Editorial: Magazine hurts greeks, survivors


Editorials, columns and cartoons.

Editorial Board

The revelations that have become public knowledge following the debacle of Rolling Stone reporting on the alleged fraternity gang rape of a student named “Jackie” at the University of Virginia has shown the worst side of journalism. It has also set back the struggles of sexual assault survivors across the nation.

Perhaps the largest threat to eliminating the sexual assault culture that does indeed exist on college campuses is to publish false or exaggerated stories about sexual assault. As it has become evident, this was the case in Rolling Stone’s publication of “Rape on Campus” last year.

The Columbia School of Journalism recently released a report on the story, a report that Rolling Stone itself invited, that said the magazine’s “failure may have spread the idea that many women invent rape allegations.”

If this speculation in the report is true, then the journalistic process — or the failing thereof in this circumstance — has let down both present and future sexual assault survivors. The story set out to illustrate the reality of dangers of sexual assaults on campus and advance advocacy efforts for sexual assault survivors, as well as sexual assault prevention programs, but instead they have hindered any such efforts. Hopefully not for long, but the ability for survivors to have their stories heard and believed has certainly moved in reverse.

It is also worth noting the greek system and one fraternity chapter in particular, Phi Kappa Psi, came under heavy fire and was the subject of far more scrutiny than it deserved. The entire greek institution was indicted at times as a result of this story.

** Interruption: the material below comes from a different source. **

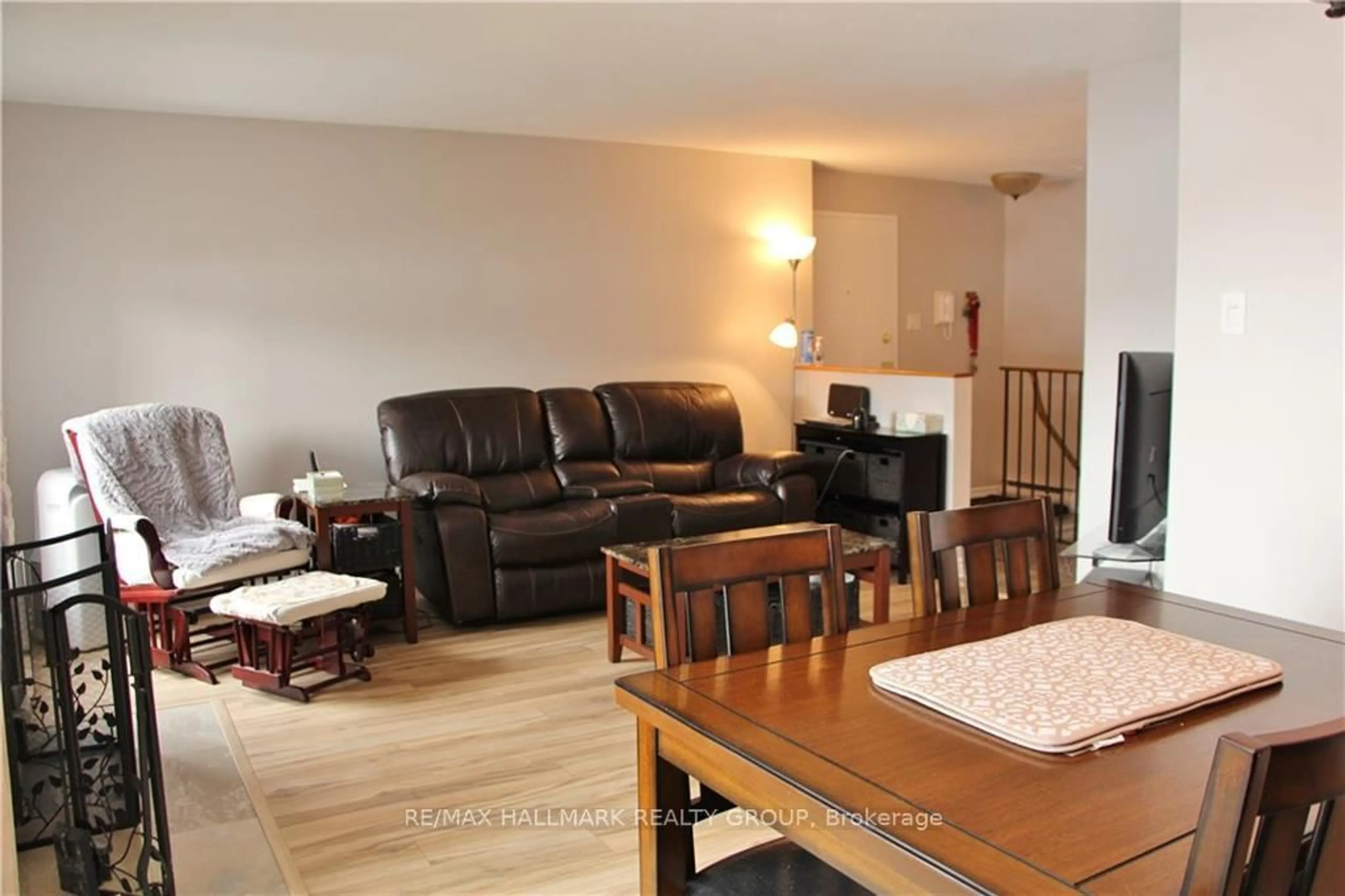 Living room with furniture, wood/laminate floor for 14 Sweetbriar Circ #4, Ottawa Ontario K2J 2K4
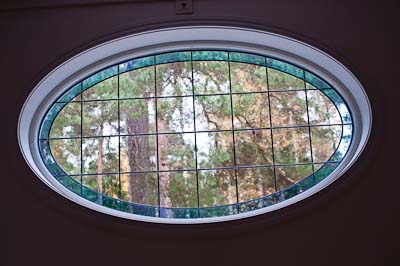 Ovalt blyinfattat fönster sett inifrån, med spröjsade rutor och färgat glas i ytterkanten som ramar in utsikten mot skog utanför.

Even while a member of Iowa State’s greek system has had it’s own allegations of sexual assault this year, it is especially important to remember that each chapter — and by extension, each member — should be judged individually, by their own merits, just as it would be the case in any other attempt to prove guilt or apply blame.

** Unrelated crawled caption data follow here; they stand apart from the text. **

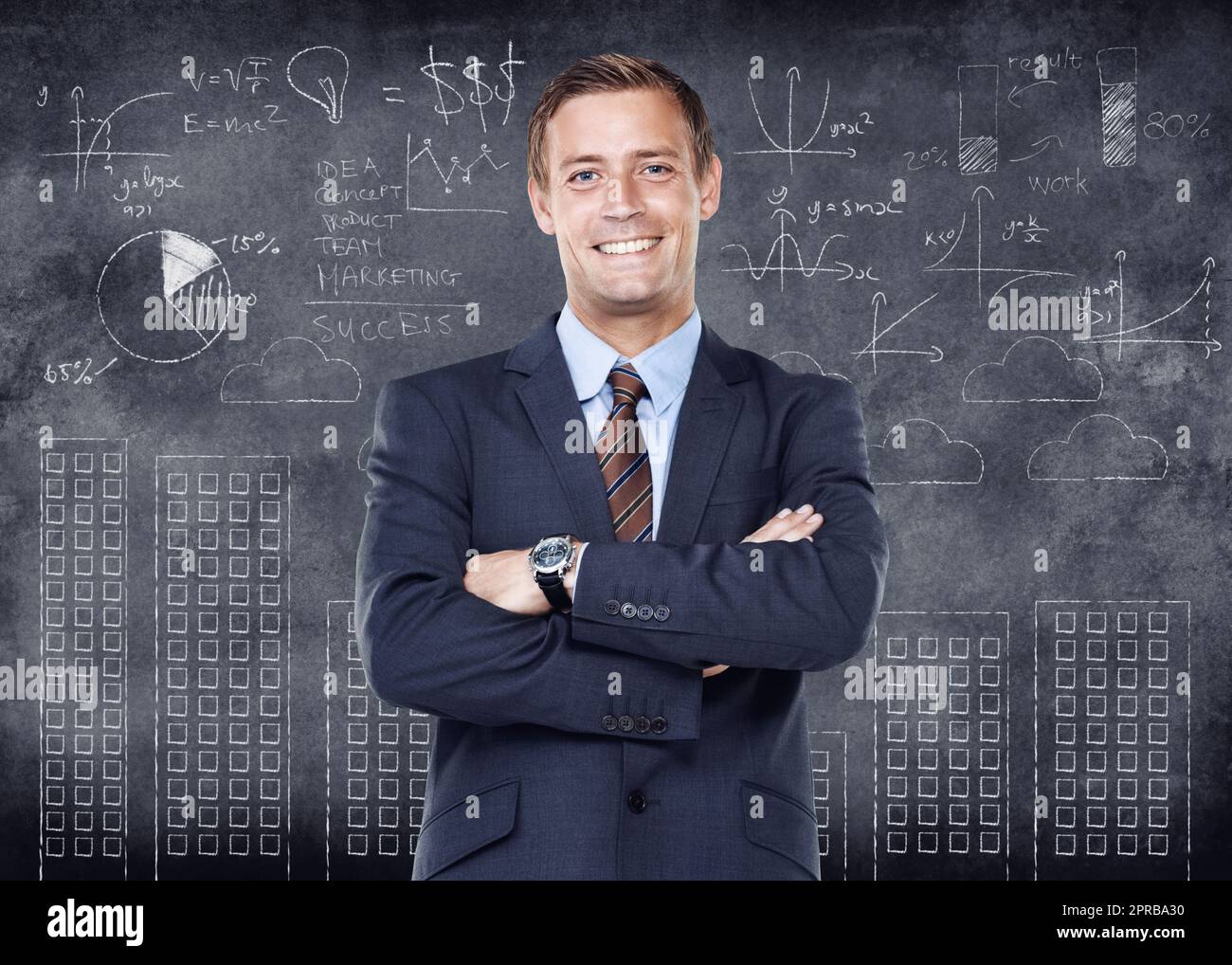 Business man working in finance and standing with arms crossed looking proud, happy and smiling in front of a chalkboard with cgi data. Portrait of a cheerful, joyful and expert accountant advisor Stock Photo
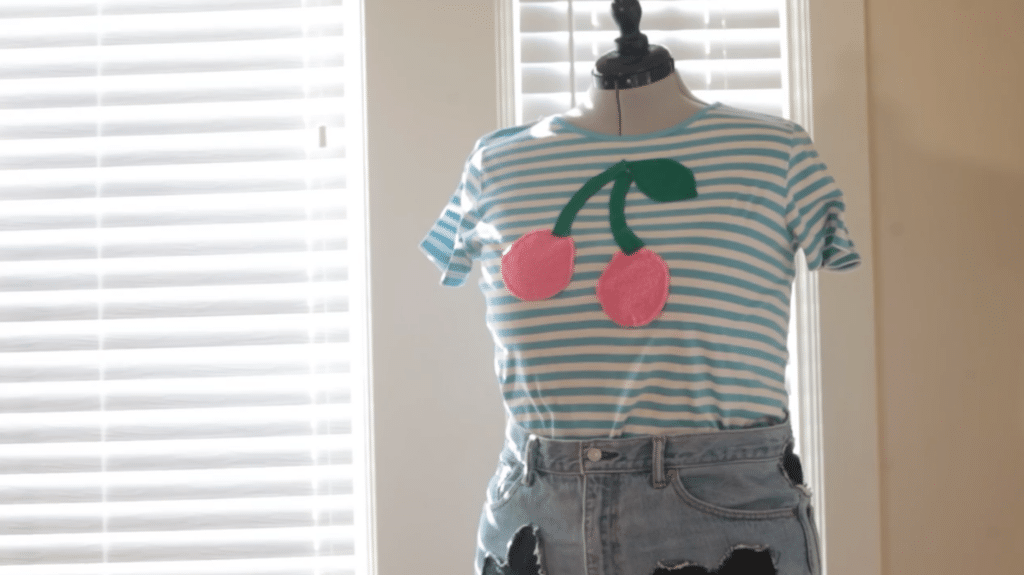 A mannequin wears a blue and white striped shirt with big appliqué cherries on the front and jeans. The mannequin sits in a room in front of two windows. 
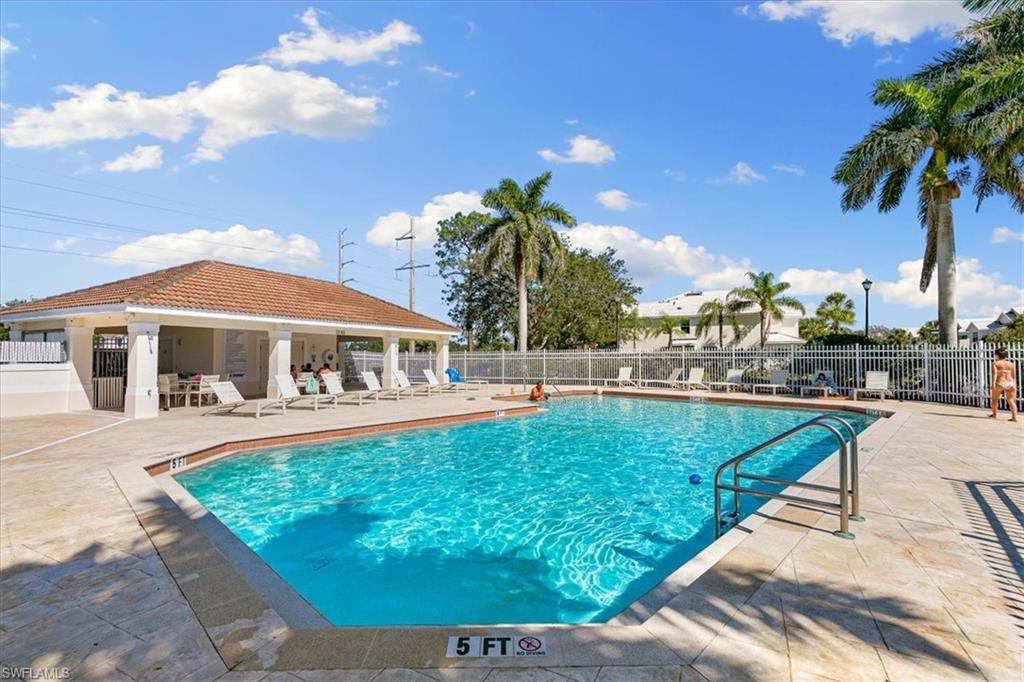 839 Hampton Circle, Unit 149 Naples, FL 34105 - Photo 21 of 22 a view of a swimming pool with a patio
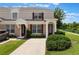 Charming two-story townhome with beige exterior, red shutters, and well-maintained landscaping at 2322 Silver Palm Dr, Kissimmee, FL 34747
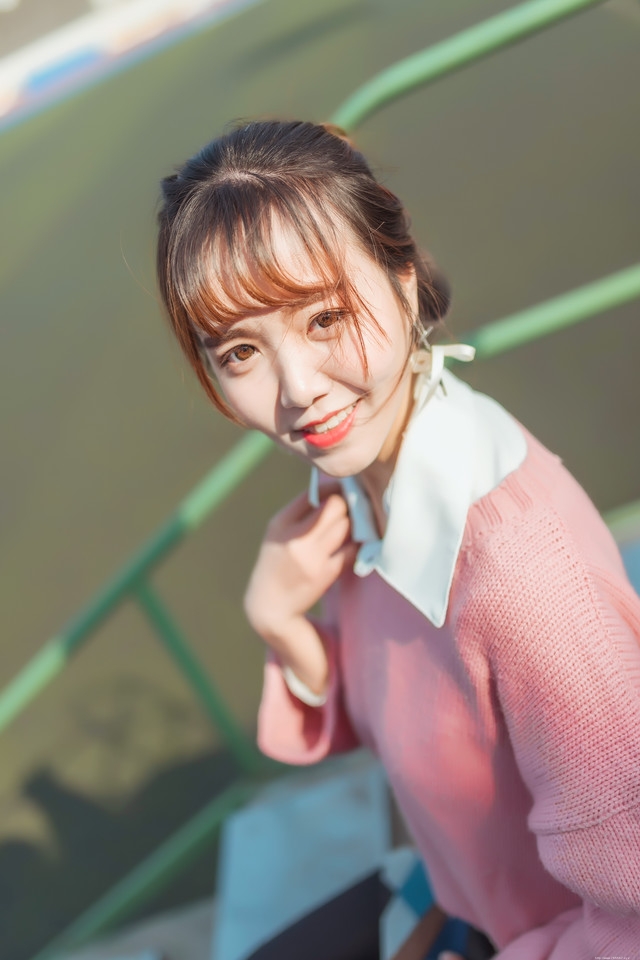 二月操场粉色毛衣美女抵御早春寒气阳光写真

Accordingly, the University of Virginia Phi Kappa Psi chapter is planning to “pursue all available legal actions against the magazine,” as is their right. If the assertion is that the fraternity chapter was libeled by Rolling Stone and had its reputation tarnished, then it’s hard to formulate a counterargument as it appears the facts became of secondary importance, taking a backseat as increased readership became the priority.

Rolling Stone and the author of “Rape on Campus,” Sabrina Rubin Erdely, have since apologized and taken responsibility for any damage the story may have done or will do in the future for the struggles of sexual assault survivors. Erdely herself said she does not want her errors in reporting the story to “silence the voices of victims that need to be heard.” The words “too little, too late,” seem apt for this apology.

This editorial board only hopes the damage can be reversed, and swiftly.